To exercise any of these rights, please contact us at hello@sinaptic.ai. We will respond to verified requests within 30 days.

7. Cookies and Tracking Technologies

Our website uses cookies and similar technologies to provide functionality, analyze usage, and personalize your experience. We categorize cookies as follows:

• Strictly Necessary Cookies: Essential for the website to function (e.g., session management, CSRF protection). These do not require consent.
• Analytics Cookies: Help us understand how visitors interact with our website. Deployed only with your consent. We use privacy-focused analytics that do not create individual profiles.
• Functional Cookies: Remember your preferences (language, region) to provide a personalized experience. Deployed with your consent.

We do not use third-party advertising cookies or engage in behavioral targeting. You may manage your cookie preferences at any time through our cookie consent banner or your browser settings.
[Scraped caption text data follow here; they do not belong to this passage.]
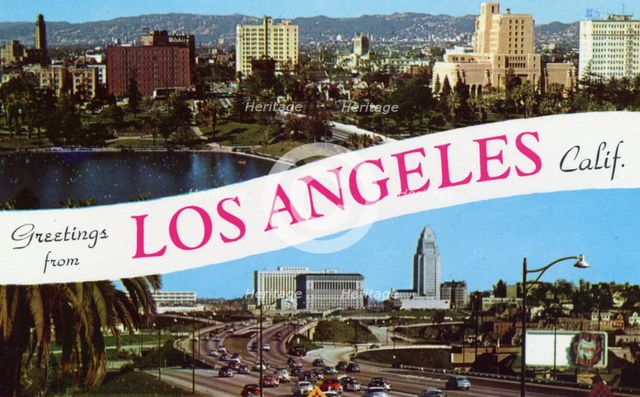 'Greetings from Los Angeles, California', postcard, 1953. Artist: Unknown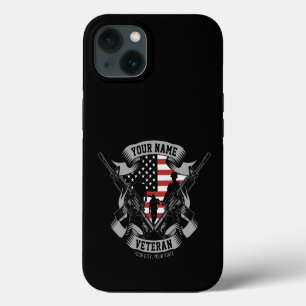Personalized American Veteran Proud Vet USA Flag  iPhone 13 Case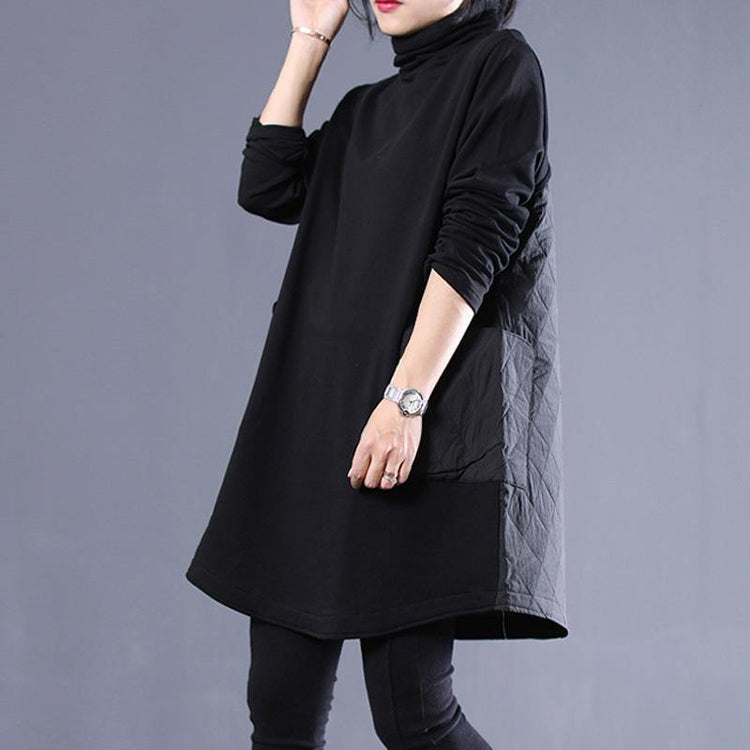 Classy high neck Cotton winter Tunics linen black Dresses - Omychic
8. Third-Party Processors and Data Sharing

We do not sell personal data. We share personal data with third parties only in the following circumstances:

• Cloud Infrastructure Providers: We host our services on cloud platforms located within the EU and Ukraine. All providers are bound by Data Processing Agreements that ensure GDPR-equivalent protections.
• Payment Processors: Payment processing is handled by PCI DSS-compliant third-party providers. We do not store full credit card numbers.
• Communication Tools: Email delivery services used for transactional and marketing emails, bound by DPAs.
• Legal and Regulatory Authorities: Where required by applicable law, court order, or binding regulatory request.
• Professional Advisors: Legal counsel, auditors, and insurers, under appropriate confidentiality obligations.

A current list of sub-processors is maintained and made available to enterprise clients upon request under the terms of their Data Processing Agreement.

9. International Data Transfers

Sinaptic is headquartered in Ukraine. As a Diia.City resident, we operate within a regulatory framework designed to align with EU standards. Where personal data is transferred from the EEA to Ukraine, we rely on appropriate safeguards including:

• Standard Contractual Clauses (SCCs) adopted by the European Commission.
• Supplementary technical and organizational measures, including encryption in transit and at rest.
• Binding Data Processing Agreements with all sub-processors involved in cross-border transfers.

10. Data Security

We implement appropriate technical and organizational measures to protect personal data against unauthorized access, alteration, disclosure, or destruction. These measures include:

• Encryption of data in transit (TLS 1.3) and at rest (AES-256).
• Role-based access controls and the principle of least privilege.
• Regular vulnerability assessments and penetration testing.
• Security incident response procedures with defined escalation paths.
• Employee security awareness training conducted quarterly.
• Physical security controls at data center facilities.

11. Data Protection Officer

Sinaptic has appointed a Data Protection Officer (DPO) to oversee compliance with this policy and applicable data protection legislation. The DPO can be contacted at:

12. Children’s Privacy

Our services are not directed at individuals under the age of 16. We do not knowingly collect personal data from children. If we become aware that we have inadvertently collected personal data from a child under 16, we will take immediate steps to delete such data.

13. Changes to This Privacy Policy

We may update this Privacy Policy from time to time to reflect changes in our practices, legal requirements, or products. Material changes will be communicated through our website and, where appropriate, by direct notification to affected individuals. The “Effective” date at the top of this page indicates when this version was last updated. We encourage you to review this page periodically.